彼女はパニック障害を患い、同時に非定型うつ(新型うつと呼ばれる場合もある)を発症させ、僕に相談をするまで5年間も闘病生活を続けていた。

パニックについては大分回復し、予期不安(次はいつパニックになるだろうと不安になってしまうもの)も収まりつつある。

飲んでいる薬も減薬スケジュールを主治医と組み、カウンセリング等で本人の容態を見ながら進めていくという治療の過程を経て、今現在は苦しいながらも働いている。

しかし、彼女本人は自分の病状、とくに非定型うつについてはまったくといっていいほど理解していない。

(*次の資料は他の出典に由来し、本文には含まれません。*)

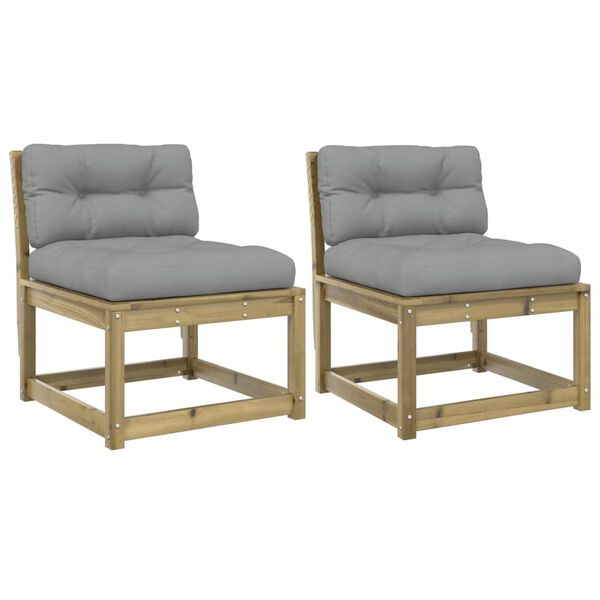 vidaXL Sof&aacute;s de jard&iacute;n con cojines 2 uds madera impregnada de pino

患者の病状や診断名、その病気の種類を、こと精神疾病においては本人がきちんと把握する必要性の議論はたびたび行われているが、少なくとも彼女は自分が「うつ」だということしか知らないし、そもそも「うつ」といわゆる「新型うつ」がどう違うのかも恐らくは理解していない。

このような状態では間違った認識を生み、自分自身で謂れのない思い込みへと発展し、考え方を捻じ曲げてしまいかねないと僕は思った。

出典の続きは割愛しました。